Yes, things are a bit nicer in the major leagues. For several Twins minor leaguers, last season was their first taste of the bigs. Numerous injuries and 99 losses meant several young players had an opportunity to show their stuff with Minnesota late in the 2011 season.
Several months later, those same players are trying to make a case to stay in the majors in 2012.
"Once you have a taste of the big leagues, you don't want to go back to the minor leagues," said outfielder Rene Tosoni, one of several Twins to make his major league debut in 2011. "But when you get back there, that's all you want to do is get back to the big leagues. Your goal is to stay out of the minor leagues. You want to be playing in the big leagues as long as you can."
Tosoni, 25, spent a decent part of 2011 with Minnesota, playing 60 total games in the majors and 73 with Triple-A Rochester. There were others, such as outfielder Joe Benson and first baseman Chris Parmelee, who didn't get that chance until September.
Both Benson and Parmelee skipped Triple-A altogether last year, going straight from Double-A New Britain to the Twins in September. The two-level leap didn't seem to affect Parmelee, who batted .355 while slugging .592 in 21 games for the Twins. That included four homers and 14 RBIs in 76 at-bats.
"The difference between Double-A and the big leagues was the pitching was a little bit better," Parmelee said. "But at the same time, they were around the zone a little bit more, so I felt like it was a little bit easier to hit. The lights are brighter. The balls are whiter. That's what I think helped me out a lot through the time I was up there was just staying relaxed in the game itself."
Benson, ranked by Baseball America as the No. 99 overall prospect prior to this season, didn't have quite the success in the majors last September that Parmelee did. Benson batted just .239 with a .270 on-base percentage in 21 games (71 at-bats).
He's been off to a slow start this spring, too, hitting 3-for-14 in his first six games. Benson did hit a deep home run in Sunday's game against the Yankees. He homered 16 times with New Britain last season and 27 combined homers in 2010 between New Britain (23) and High-A Fort Myers (4).
That power is something Benson is hoping to exhibit this spring as he fights for a roster spot.
"I'd like to make power part of my game," Benson said Sunday after his solo homer. "It's something you can't consciously think about or force, but it just comes with repetition, putting good swings on baseballs, going up there with a good plan and plate approach. Eventually some of them start getting backspin and balls start flying. But for today, the rest of camp, I'm just trying to battle, be aggressive and try to stay out of those two-strike counts."

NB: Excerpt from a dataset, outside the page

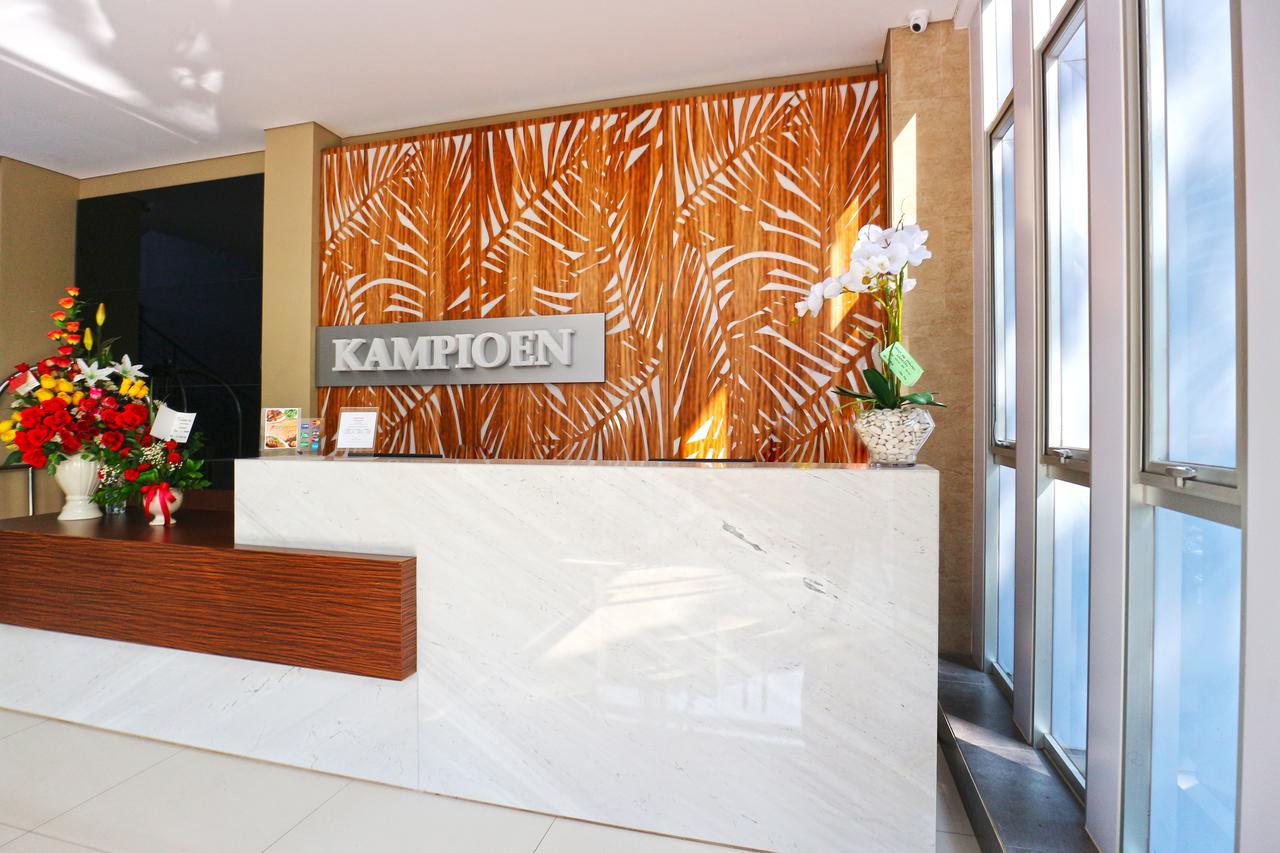 Kampioen Bed & Breakfast Bandung Esterno foto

Twins manager Ron Gardenhire knows the early-spring struggles have weighed on Benson, but Minnesota's skipper was glad to see the 24-year-old Illinois native snap out of it with a homer Sunday.
"He's got all the tools. Now it's about harnessing that," Gardenhire said of Benson. "Making it to the big leagues (last year) is a good thing. He saw what he needed to work on."
Tosoni has quickly become friends with veteran third baseman Sean Burroughs, whose locker is next to Tosoni's in the Hammond Stadium clubhouse. On the other side of Tosoni's locker is fellow Canadian Justin Morneau. Those two have been next to each other since Tosoni's first camp with the Twins three springs ago. For his first two years in Fort Myers, Tosoni was also next to slugger Jim Thome.
"A couple good lefties right here," Tosoni said. "Good to take in some information and take it to the field."
Now that players like Tosoni, Benson, Parmelee and others have had several spring trainings under their belts as well as a taste of the majors last season they've become more comfortable and assertive, both on the field and in the clubhouse.
"You have to be more comfortable when you've been around it for a few years," Gardenhire said. "They've been in camp, most of those guys, for two or three years now. We expect that. That's kind of the process. Better each year, more comfortable, and know what we have to do. We get away from having to, as they say, hold their hand step-by-step every day."
Yet while last year's taste of the major leagues was a great learning experience for Minnesota's young players, it doesn't result in any guarantees this spring.
"It doesn't matter how old you are, whether you're 20 or 40. You're always fighting for a job," Parmelee said. "You've always got to compete. You've just got to go out there and give it 100 percent. That's how I look at it. It doesn't matter what age you are. You've still got to go out there and earn a spot."